Lawyers for victims' relatives made the claim against a man named as Freddie Scappaticci. They want an outside police force to look at 24 killings.
Northern Ireland's director of public prosecutions has ordered a new inquiry into the agent, codenamed Stakeknife.
Mr Scappaticci denies he was an IRA informer, operating as Stakeknife.
Although relatives of those allegedly killed by the IRA's so-called 'Nutting Squad' have backed the fresh inquiry, they are opposed to the Police Service of Northern Ireland taking charge.
Judicial review proceedings brought by the family of Caroline Moreland are now focused on ensuring outside investigators are brought in.
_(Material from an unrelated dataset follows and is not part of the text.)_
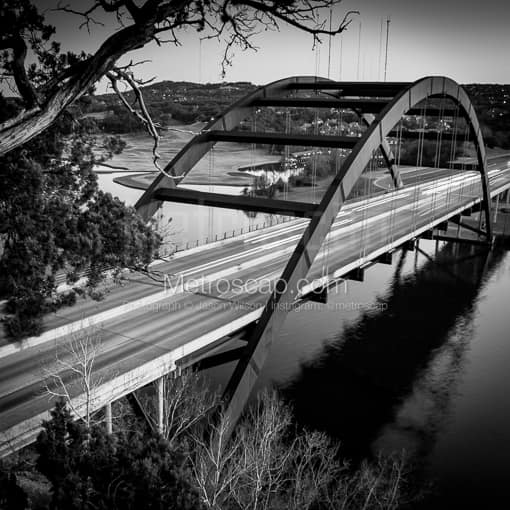 Matte Black MDF Framed Black and White Austin Photograph: The 360 Bridge in a Square Matte Black MDF Frame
Ms Moreland, a 34-year-old Catholic mother-of-three from Belfast, was abducted and murdered by the IRA in July 1994 for being an alleged British informer.
A barrister for her family told the court: "This challenge concerns at its core a murderous campaign that a named individual, Mr Frederick Scappaticci, was allowed to engage upon whilst managed by the security forces in order, we say, to enhance his position as an intelligence asset."
The families' opposition to PSNI involvement in the inquiry is based a perceived lack of independence and the availability of resources.
Due to the director of public prosecution's intervention, the families' barrister sought an adjournment to allow time for investigators to be identified.
A barrister for the PSNI chief constable agreed that proceedings should be put on hold.
The court also heard there were resource issues and potential political implications.
Granting a four-week adjournment, Mrs Justice Keegan said: "Given the issues raised about delay, I'm keen to keep some timetable."
Outside court, Ms Moreland's daughter, Shauna, said the families had taken a step in the right direction.
"We just don't have faith in the PSNI to investigate any further," she said.
Her solicitor said the action went right to the upper echelons of British military intelligence.
Referring to the possible political implications raised in court, he said: "It demonstrates the level to which this case goes."